UKIP leader Roger Knapman has given his clearest signal yet that his patience is running out with Robert Kilroy-Silk's jockeying for his job.
By Ben Davies
BBC News Online political staff in Bournemouth
Mr Knapman intends to carry on as leader
In an interview with BBC News Online, Mr Knapman rejected suggestions he had agreed to step down early as the former TV presenter had claimed.
He added: "He will make his own luck over the next short while. I hope he will settle down and be a team player."
Mr Kilroy-Silk announced his desire to lead UKIP on Sunday.
Mr Knapman had already indicated that Mr Kilroy-Silk could be disciplined if he continued his campaign.
Asked how far he will allow himself to be pushed by Mr Kilroy-Silk he says: "Well, I'm intrigued about that myself."
"Nobody is bigger than the party. We are a political party and not a chat show party," he said shortly before speaking at a UKIP fringe meeting near the Tory conference in Bournemouth.

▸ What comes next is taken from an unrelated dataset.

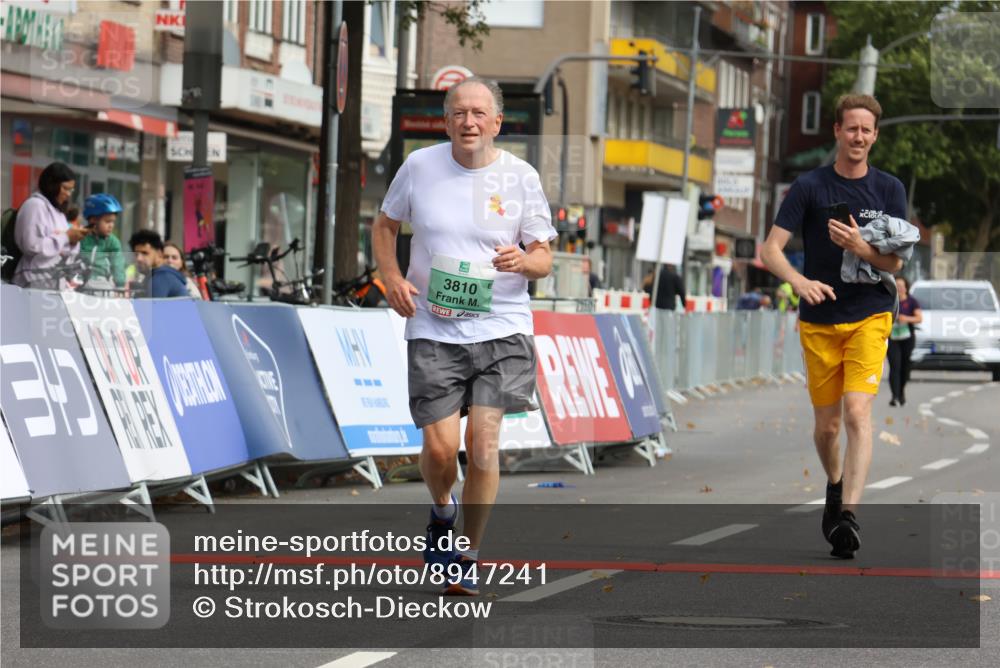 21.09.2025 - PSD Bank Halbmarathon Strokosch-Dieckow http://msf.ph/oto/8947241 21.09.2025 13:06:53 Ziel 3810, 3991 meine-sportfotos.de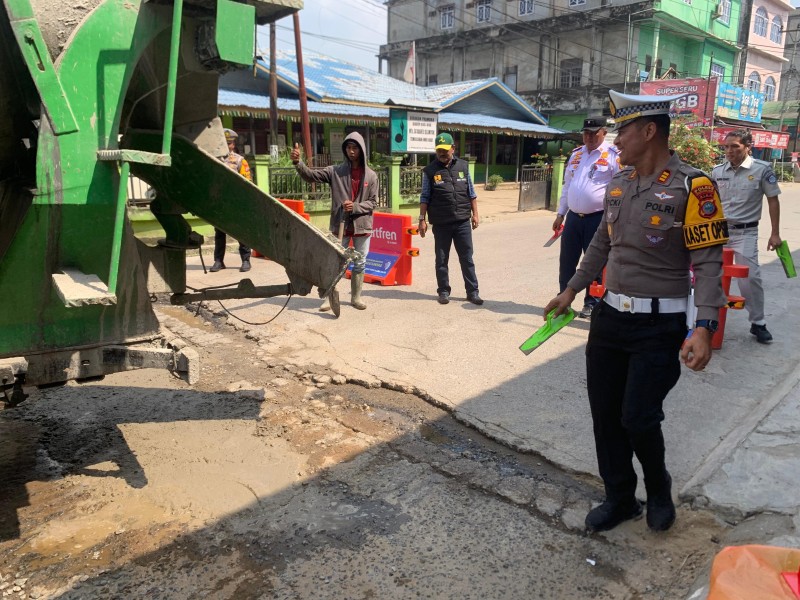 Sat Lantas Polres Inhil Bersama Forum LLAJ Lakukan Tambal Sulam Jalan Berlubang di Tembilahan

"He needs to be a team player."
Asked if he was afraid of a party split he said: "I know there will be a UKIP list [of candidates] I sincerely hope there will not be a Kilroy-Silk list."
"I will take the party definitely into the general election ... on the other hand I don't say I will go on and on and on."
Showdown in Brussels?
Mr Knapman added that Mr Kilroy-Silk, who joined UKIP earlier this year and was elected in June to the European Parliament, would be "unwise" to pursue his bid to be leader.
"When we get to Brussels next week - and a number of colleagues have asked to discuss - this we shall let him know what their views are at that time."
Mr Knapman meanwhile said he doubted millionaire Paul Sykes, who earlier this week pulled the plug on his support for UKIP in favour of the Tories, could support current Conservative policies.
"Paul Sykes is not one to give money but he provides support with leaflets - well he knows the contents of the leaflets. He's quite an operator - you'd expect a man with £500m to be so," Mr Knapman said.
UKIP MEP Nigel Farage, who was due to speak at the fringe meeting, said new backer, businessman Alan Bown, was prepared to "liquidate" some of his assets if the party needed cash.
He said: "There is no way that Paul Sykes supports the Tories' current agenda but I think his feeling is he doesn't want to see them damaged any further given they are already terribly weak."
Mr Farage also expressed regret over the party's decision to contest every Tory seat - a position Mr Kilroy-Silk had urged at last weekend's UKIP conference in Bristol.
"Had we adopted a different policy or a different message on Saturday I don't think this would have happened quite like this," he said.
"Kilroy advocated it and it didn't have a very positive effect."